This article is the third in The Anthill Guide to Online Marketing for Small Business (and Startups) series. Last time, we talked about how to make an offer compelling by making it retweetable. Today, we delve into the language of the most common type of online marketing (paid advertising) and help you avoid getting ripped off!
The language and tools of online advertising: tactics and terminology
The range of digital marketing options available to marketers is about as static as an iPhone enabled teenager on Foursquare.
Yet, small business owners are still expected to know every answer to almost every (largely ill-informed) suggestion and do this while simultaneously warding off the advances of Australia’s rapidly growing army of social media gurus.
In short, everyone has an opinion (including… moi).

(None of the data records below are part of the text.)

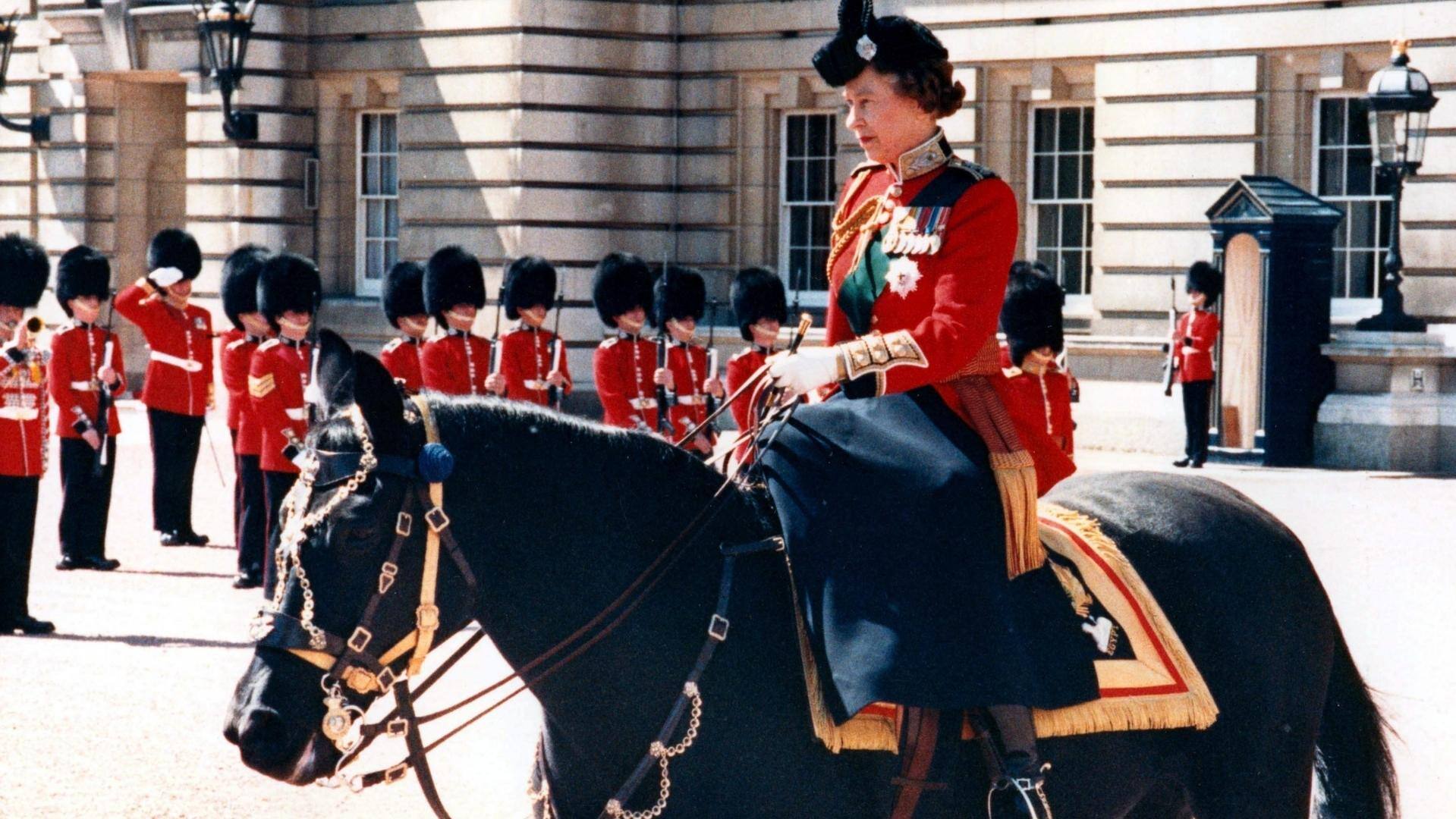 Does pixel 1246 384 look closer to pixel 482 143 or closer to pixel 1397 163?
pixel 1397 163

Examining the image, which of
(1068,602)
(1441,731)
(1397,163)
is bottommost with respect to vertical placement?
(1441,731)

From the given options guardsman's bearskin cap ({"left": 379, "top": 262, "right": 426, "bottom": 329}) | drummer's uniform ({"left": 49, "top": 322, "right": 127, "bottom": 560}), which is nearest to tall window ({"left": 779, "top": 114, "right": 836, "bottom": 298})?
guardsman's bearskin cap ({"left": 379, "top": 262, "right": 426, "bottom": 329})

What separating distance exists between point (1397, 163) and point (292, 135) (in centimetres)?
989

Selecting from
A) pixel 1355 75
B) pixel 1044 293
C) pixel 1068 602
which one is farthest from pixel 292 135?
pixel 1068 602

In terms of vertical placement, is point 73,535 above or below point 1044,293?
below

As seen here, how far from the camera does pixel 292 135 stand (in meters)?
19.3

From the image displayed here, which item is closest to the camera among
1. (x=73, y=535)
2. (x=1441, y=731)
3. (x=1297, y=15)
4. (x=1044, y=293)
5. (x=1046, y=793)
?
(x=1046, y=793)

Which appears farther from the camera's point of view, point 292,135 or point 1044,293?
point 292,135

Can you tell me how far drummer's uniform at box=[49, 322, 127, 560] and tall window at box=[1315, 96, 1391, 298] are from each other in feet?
29.0

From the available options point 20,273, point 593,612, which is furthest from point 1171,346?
point 593,612

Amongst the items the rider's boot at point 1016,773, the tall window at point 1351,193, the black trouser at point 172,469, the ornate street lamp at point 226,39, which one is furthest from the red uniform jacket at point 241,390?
the tall window at point 1351,193

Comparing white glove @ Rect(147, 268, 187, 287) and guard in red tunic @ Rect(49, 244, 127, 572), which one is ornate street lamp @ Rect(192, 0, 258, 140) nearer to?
white glove @ Rect(147, 268, 187, 287)

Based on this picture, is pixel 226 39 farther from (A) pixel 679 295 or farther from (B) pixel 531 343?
(A) pixel 679 295

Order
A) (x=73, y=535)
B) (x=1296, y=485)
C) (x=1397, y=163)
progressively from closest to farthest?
(x=73, y=535), (x=1296, y=485), (x=1397, y=163)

However, as I have tried to explain in my first two articles in this series, there are common elements to all types of online marketing, whatever channel you decide to pursue. So far, we have considered the need to set clear measurable goals and the need to have a compelling offer at the heart of your campaign.
But a commercial goal can take many forms and the channels available to prompt an action are almost endless!
This creates a dilemma for many business builders. Where should you start?
Online advertising: How to get ripped off
Despite the fact that many online marketing campaigns don’t involve any paid advertising at all, paid advertising is nonetheless what most people are familiar with.
So, paid advertising seemed like as safe a place as any to begin. Unfortunately, this statement is misleading.
For the uninitiated, online advertising is not safe at all.
To begin with, the definitions and metrics keep changing.
Even the most sophisticated of Australia’s media buyers (the industry relied upon by large companies to make their advertising bookings) struggle to find uniform terminology and standards for their clients wanting to advertise on the web.
Like you, they are expected to communicate their advertising purchasing decisions in ways that will not confuse their clients or overwhelm their already time-poor ‘creatives’ (i.e. their colleagues responsible for assembling their campaigns once booked).
In your world, this translates to communicating your plans with employees, shareholders and other stakeholders, while also making sure that your graphic designer (or someone responsible for design) can understand exactly what it is you require of their services.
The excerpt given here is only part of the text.